According to his fellow psychologist Gustav Kuhn at the University of Durham in the UK, a good starting point for the science of magic is the magicians’ own classification of their art into three broad types of trick: misdirection, illusion and forcing.
Misdirection lies at the heart of magic. It is the art of diverting the audience’s attention away from what magicians call the “method” - the act of deception itself (see diagram).

In neuroscience terms, misdirection relies on the fact that the brain has a very limited supply of attention. Over the past decade or so it has become clear just how scarce attention is: focusing on one thing can make you oblivious to other things that would otherwise be obvious. This bizarre phenomenon is called inattention blindness, and it was famously demonstrated in 1999 by psychologists Daniel Simons and Christopher Chabris of the University of Illinois at Urbana-Champaign. They made a video of six people in a circle bouncing two basketballs around. When asked to count the number of bounces, around half of the people who watch the video fail to notice a man in gorilla suit walking through the middle of the game and beating his chest (New Scientist, 18 November 2000, p 28).

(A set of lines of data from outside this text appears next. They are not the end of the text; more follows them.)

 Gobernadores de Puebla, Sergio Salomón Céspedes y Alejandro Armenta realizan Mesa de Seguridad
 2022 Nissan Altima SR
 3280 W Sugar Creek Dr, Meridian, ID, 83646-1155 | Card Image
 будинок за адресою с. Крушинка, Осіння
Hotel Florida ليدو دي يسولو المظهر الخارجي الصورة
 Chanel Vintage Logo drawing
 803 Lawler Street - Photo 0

Not surprisingly, magicians use this powerful effect all the time to pull off blatant deceptions right under our noses. Kuhn recently demonstrated this using a trick where he makes a cigarette and lighter “disappear”. In truth he simply drops them into his lap when your narrow spotlight of attention is pointing elsewhere.
Right before your eyes
By tracking eye movements as people watched a video of the trick, Kuhn showed that people miss the deception even when they’re looking directly at it. It works because, at the crucial moments, he makes attention-grabbing gestures and eye movements that divert attention (but not gaze) away from the action. If you watch the video a few times it’s hard to believe that you could ever fall for it.

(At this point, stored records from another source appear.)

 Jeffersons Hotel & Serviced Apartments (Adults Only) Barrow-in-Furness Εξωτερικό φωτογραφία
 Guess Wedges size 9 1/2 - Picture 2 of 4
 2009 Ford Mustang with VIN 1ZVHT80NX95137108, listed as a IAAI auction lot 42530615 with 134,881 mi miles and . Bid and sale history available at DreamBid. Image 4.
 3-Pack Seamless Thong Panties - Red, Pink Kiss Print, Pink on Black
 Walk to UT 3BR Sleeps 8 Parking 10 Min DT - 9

Magicians are so adept at manipulating attention that cognitive scientists have started bringing them into their labs to learn more. Susana Martinez-Conde of the Barrow Neurological Institute in Phoenix, Arizona, is one. “My hope is that the cognitive illusions of magicians can help scientists understand awareness, just as visual illusions have helped us to understand sight,” she says. To that end she recently started working with Robbins.